**Exercise aim:**
Return nothing but the lines from the one with "Нидерланды 1 цент" through the one with "Women's Shark Plush Cotton Slippers" in the data below, word for word and without pictures.

**Source records:**
•••
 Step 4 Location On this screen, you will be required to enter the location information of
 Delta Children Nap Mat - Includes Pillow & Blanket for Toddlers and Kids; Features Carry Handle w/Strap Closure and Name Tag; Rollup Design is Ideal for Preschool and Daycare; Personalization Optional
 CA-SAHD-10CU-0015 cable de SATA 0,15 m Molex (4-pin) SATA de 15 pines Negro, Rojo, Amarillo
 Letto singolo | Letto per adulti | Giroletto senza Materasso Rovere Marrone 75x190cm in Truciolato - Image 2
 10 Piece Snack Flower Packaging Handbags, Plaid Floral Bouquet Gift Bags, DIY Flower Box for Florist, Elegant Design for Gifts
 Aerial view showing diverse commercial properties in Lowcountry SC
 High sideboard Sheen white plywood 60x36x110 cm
•••
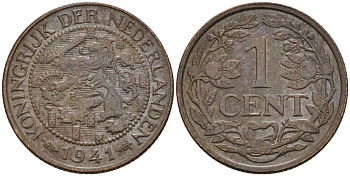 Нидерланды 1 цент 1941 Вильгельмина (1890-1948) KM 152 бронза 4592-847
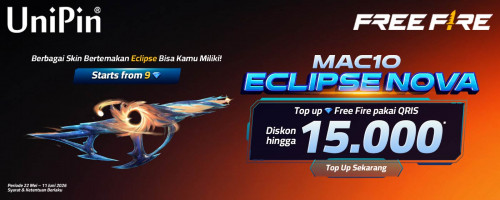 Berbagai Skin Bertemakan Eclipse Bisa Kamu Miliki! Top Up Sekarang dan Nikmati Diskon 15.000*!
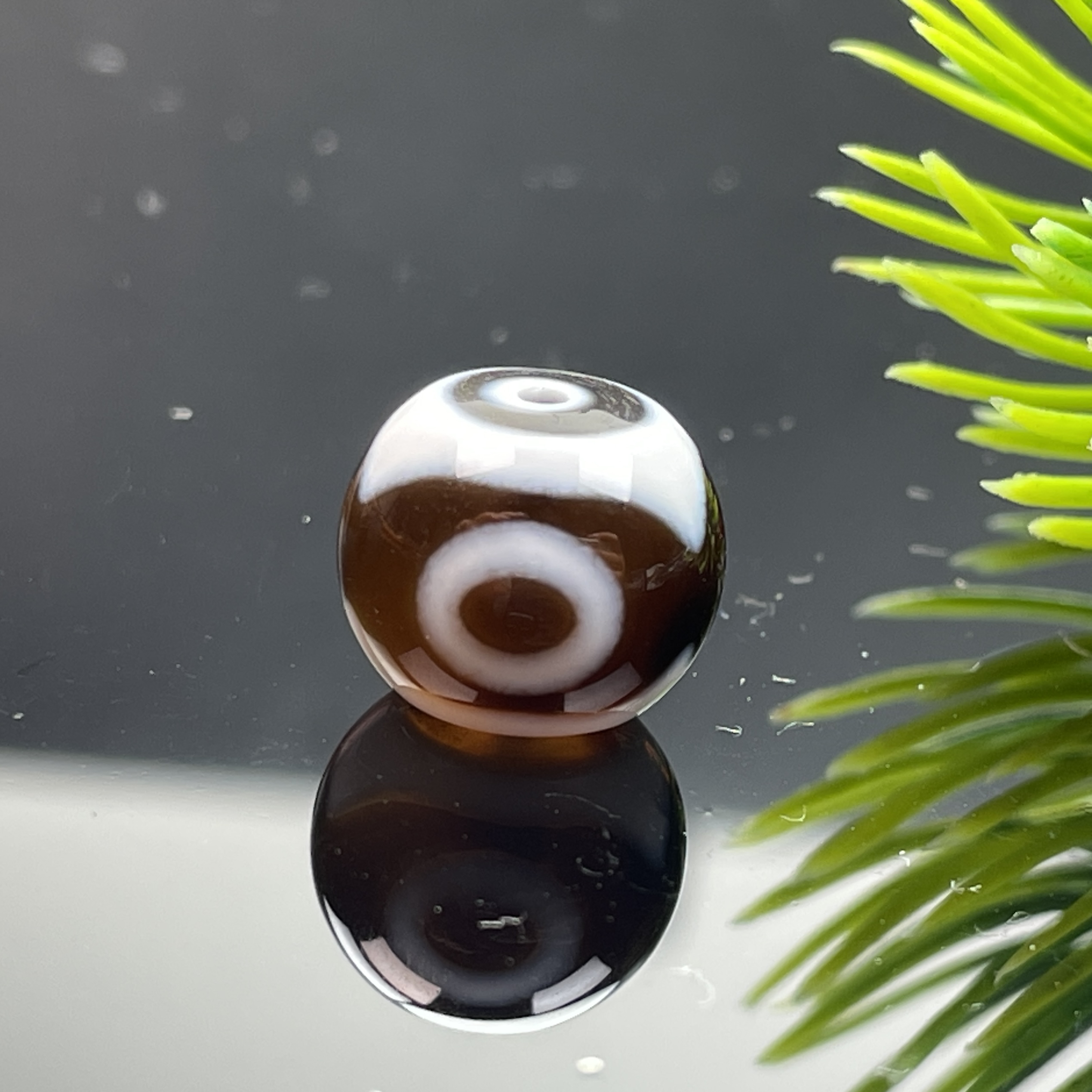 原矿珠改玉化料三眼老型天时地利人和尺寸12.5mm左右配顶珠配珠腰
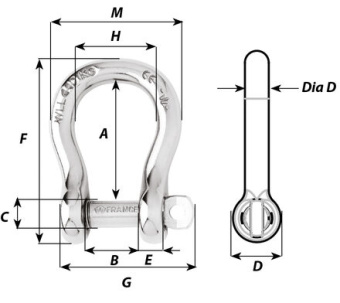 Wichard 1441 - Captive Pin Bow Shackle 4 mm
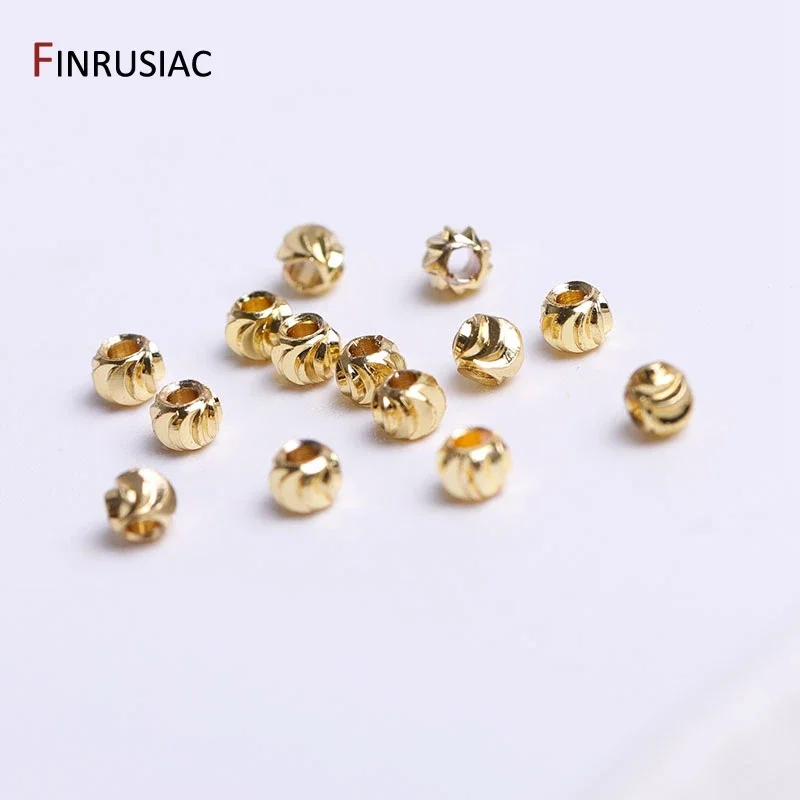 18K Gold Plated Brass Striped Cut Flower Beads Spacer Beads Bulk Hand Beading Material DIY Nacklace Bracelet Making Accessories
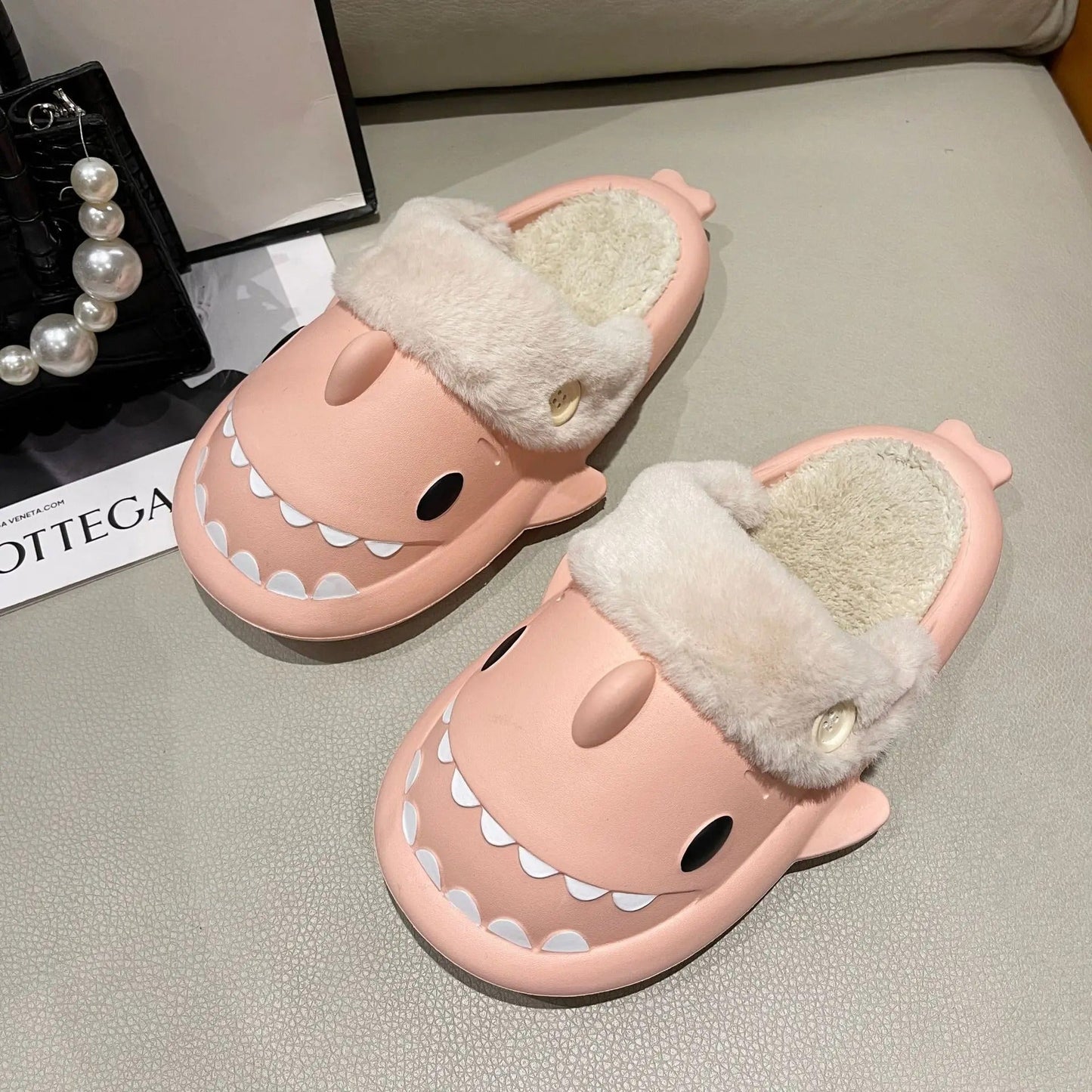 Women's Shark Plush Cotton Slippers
•••
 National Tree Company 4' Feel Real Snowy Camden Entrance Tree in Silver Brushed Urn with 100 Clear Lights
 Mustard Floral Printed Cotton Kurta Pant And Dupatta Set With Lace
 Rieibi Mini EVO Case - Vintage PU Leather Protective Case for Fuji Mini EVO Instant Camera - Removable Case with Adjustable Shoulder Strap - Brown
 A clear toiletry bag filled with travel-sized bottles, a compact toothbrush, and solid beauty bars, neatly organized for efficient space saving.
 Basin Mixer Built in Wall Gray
•••
**Output for this task:**
 Нидерланды 1 цент 1941 Вильгельмина (1890-1948) KM 152 бронза 4592-847
 Berbagai Skin Bertemakan Eclipse Bisa Kamu Miliki! Top Up Sekarang dan Nikmati Diskon 15.000*!
 原矿珠改玉化料三眼老型天时地利人和尺寸12.5mm左右配顶珠配珠腰
 Wichard 1441 - Captive Pin Bow Shackle 4 mm
 18K Gold Plated Brass Striped Cut Flower Beads Spacer Beads Bulk Hand Beading Material DIY Nacklace Bracelet Making Accessories
 Women's Shark Plush Cotton Slippers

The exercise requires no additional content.